Cameron ‘powerless’ to cancel deliveries of caviar

by philapilus


English: Gold bars created by Agnico-Eagle

“Would you like a cherry on top of that, sir?”

It has emerged today that the prime minister is unable to prevent the recommendations of the Independent Parliamentary Standards Authority that MPs “Should help themselves to basically anything they want.”

Ipsa, which was set up in the aftermath of the expenses scandal, says that the only way to stop MPs stealing public money, is to give them a whopping 15% pay-hike, taking a backbencher’s salary to nearly £75k.

David Cameron has strongly criticised the rise in salaries, on the grounds that he had been hoping the public might forget just what greedy shits MPs are.

He is expected to say today, however, that despite being the most powerful man in the country, he can’t do anything about it.

A No. 10 spokesman said “Obviously the prime minister is wholly against this recommendation, in these times of austerity. Wholly against it.

“But unfortunately he will be completely unable to prevent people – many of whom quite coincidentally happen to be his friends – from getting huge amounts of money, while the rest of you eat grass in your unsightly hovels.

“He’s sorry, but his hands are tied. With a beautiful ceremonial rope spun from pure gold.”

Professor Hamish McEyebrau, head of politics at the Slough School of Sheep-shearing, said “Ipsa had YouGov conduct an anonymous survey of MPs, which revealed that they wanted a lot more money. So they’re going to recommend they get it.

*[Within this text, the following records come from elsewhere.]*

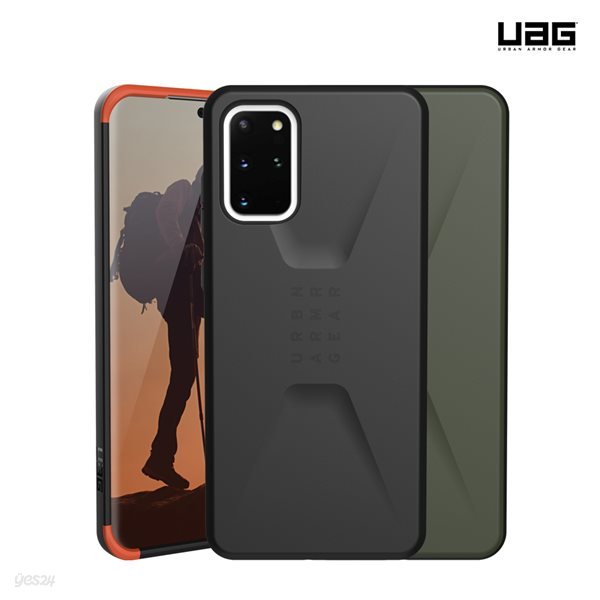 UAG 갤럭시S20플러스 시빌리언 케이스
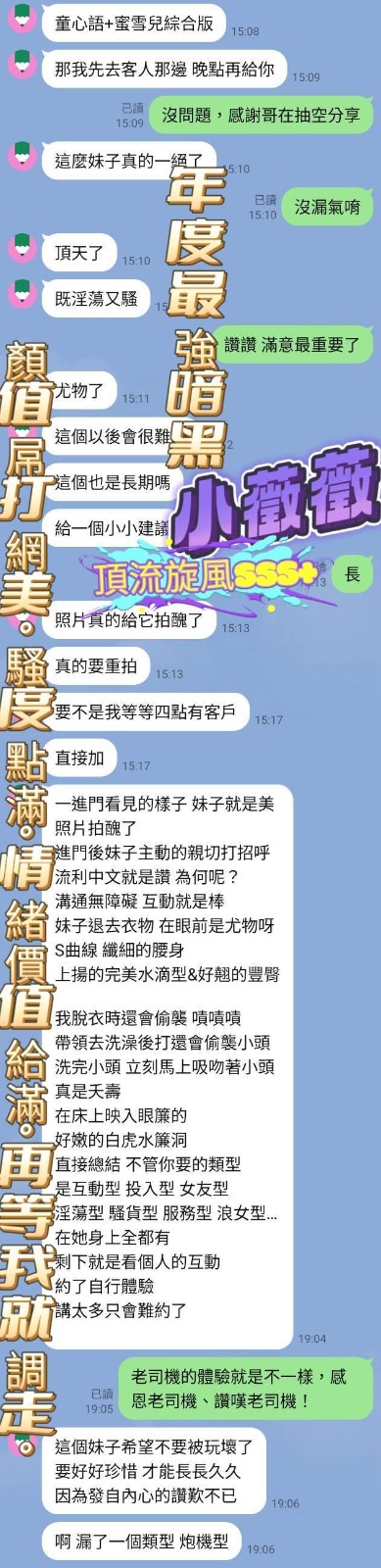 小薇薇 (341442) - 圖片 6 - 越南妹 台中 - 展示用 定點茶/外約/外送茶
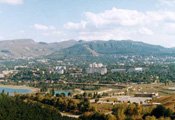 Кисловодск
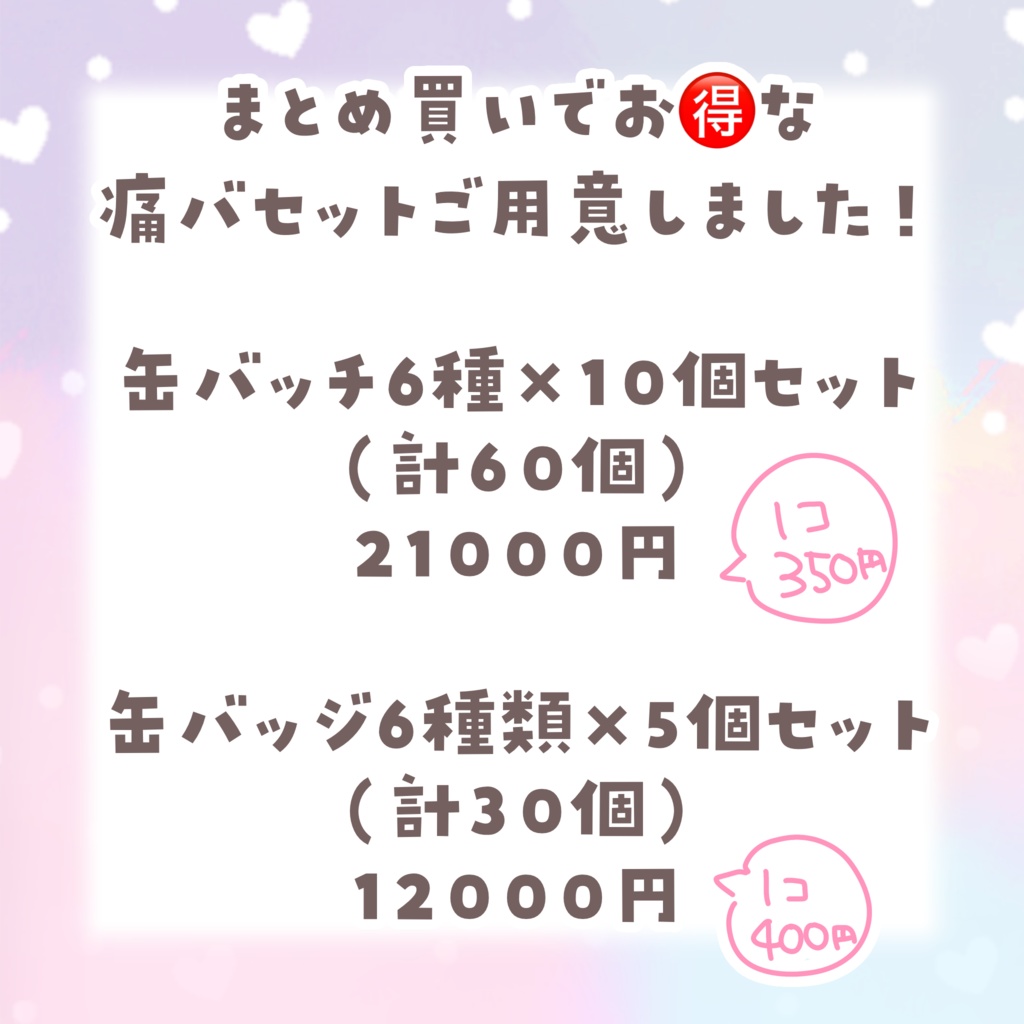 【単品】花嫁いろりグッズ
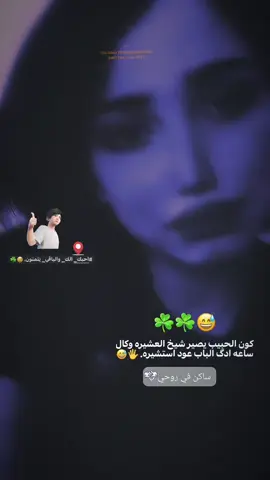 #تصميم_فيديوهات🎶🎤🎬 #تحياتي_لجميع_المشاهدين_والمتابعين #ستوريات_حزينة #لايك__explore___ #صعدوو_ءڪڪسبلور_للايڪ_متابعه 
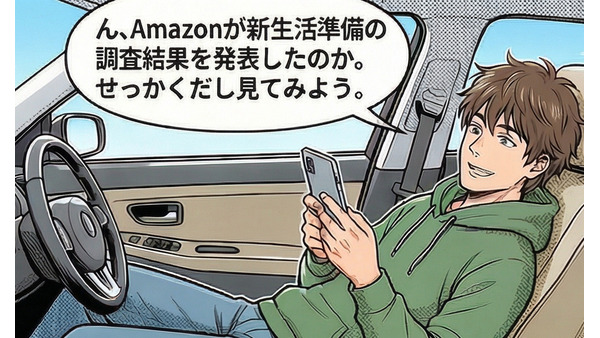 新生活準備を失敗する人が意外と多い？【4コマ漫画で要点整理】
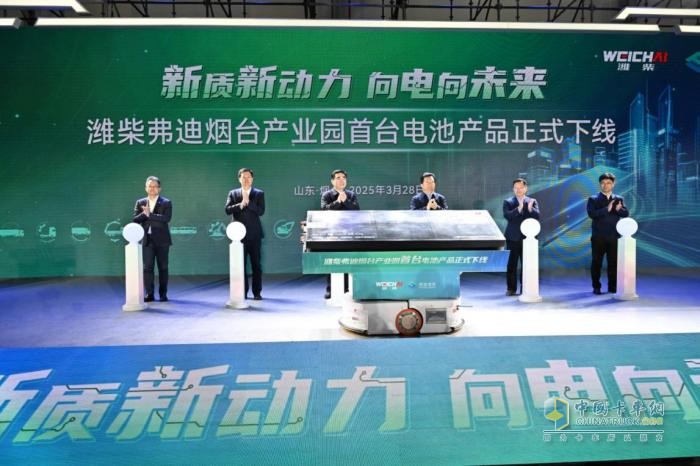 濰柴新的實踐圖譜:憑借三大戰(zhàn)略錨點重塑市場集中度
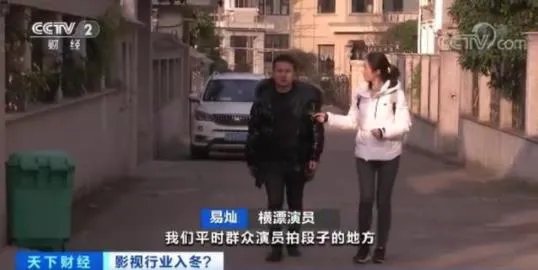 横店群演改做直播怎么回事 影视行业要走下坡路了吗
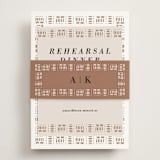 "Amari" - Rehearsal Dinner Cards in Ivory by Oma N. Ramkhelawan - Assembled with Belly Band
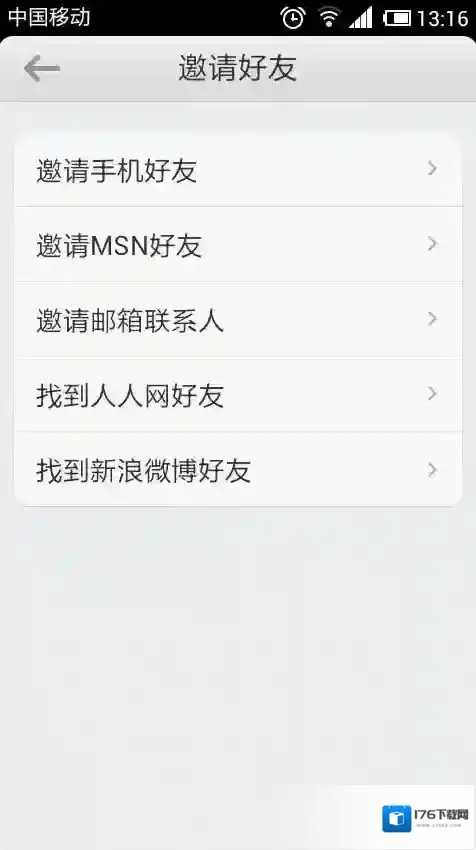 《米聊》添加好友的方法介绍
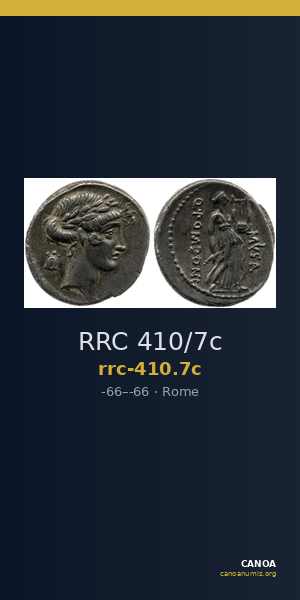 RRC 410/7c — CANOA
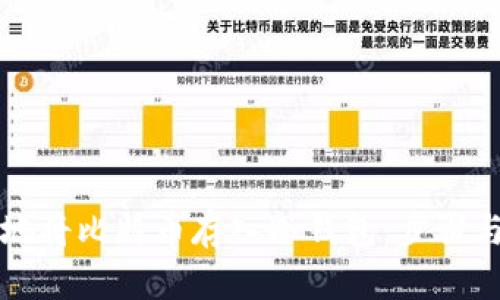 如何安全地将比特币存入冷钱包：步骤与最佳实践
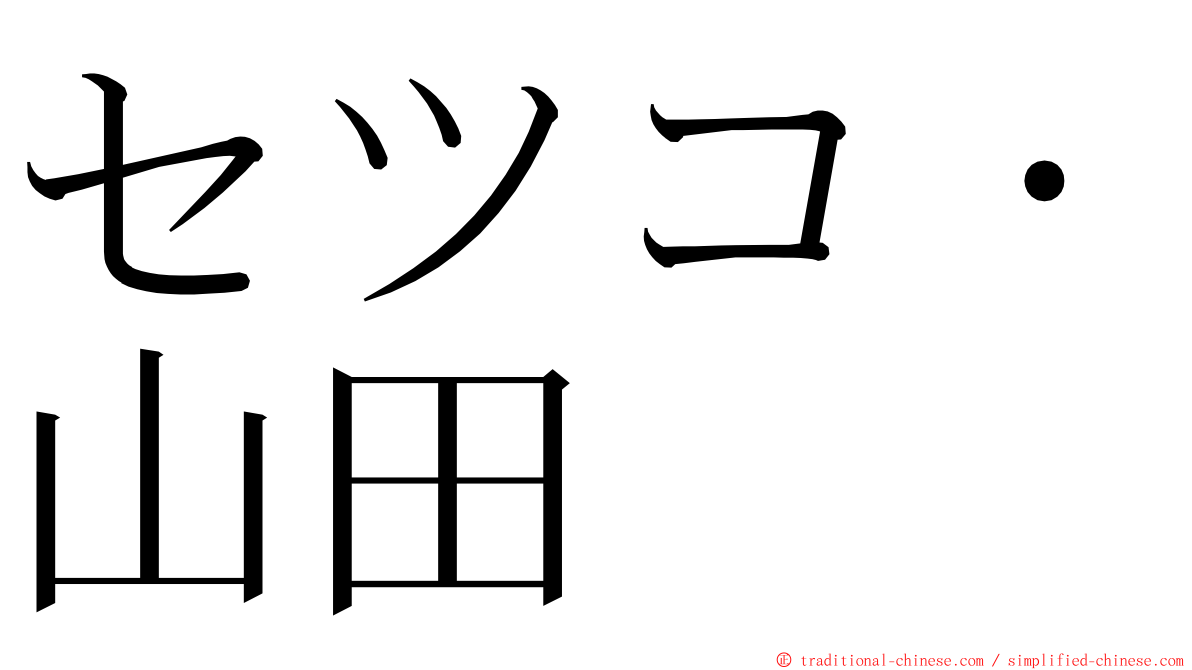 セツコ・山田 ming font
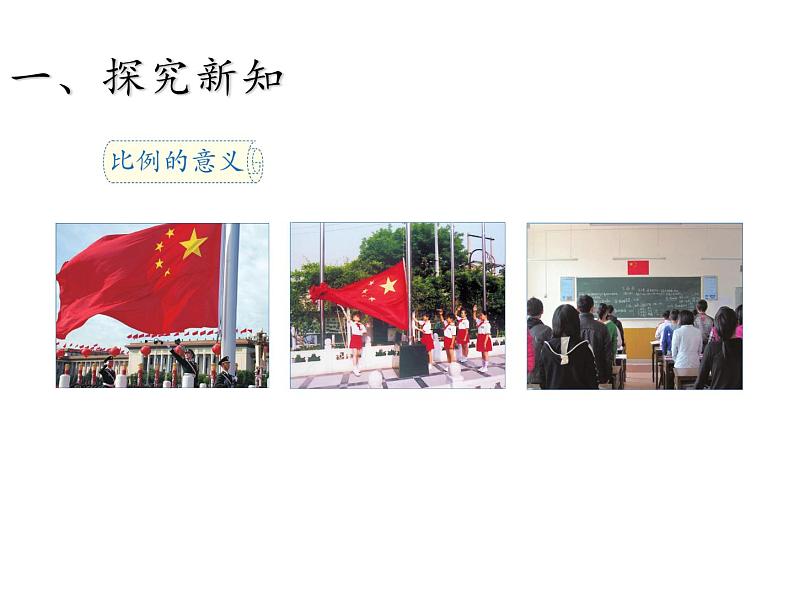 六年级数学下册课件-4.1.1 比例的意义11-人教版04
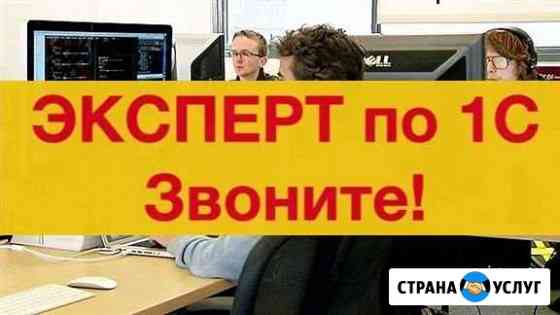 Покупка и установка программ 1c Челябинск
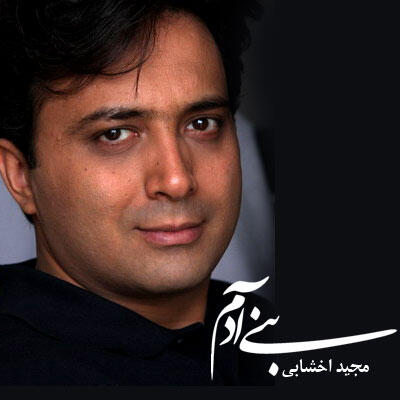 مجید اخشابی بنی آدم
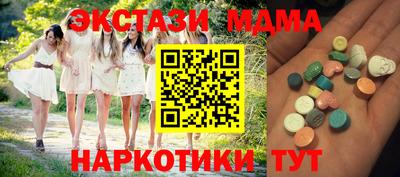 гашишное масло Кумертау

“It’s sort of like the police catching a gang of bank robbers, then offering to pay for a getaway cab, and carrying the moneyfor them.”

Tory MP Sir Mike Hunt said “If you compare us to brain surgeons, Saudi royals and elite rockstars, you will find that we are still hugely underpaid. When is this country going to wake up and realise that ownership of a gold-plated duck house is a vital necessity for enhancing one’s ability to provide good governance?”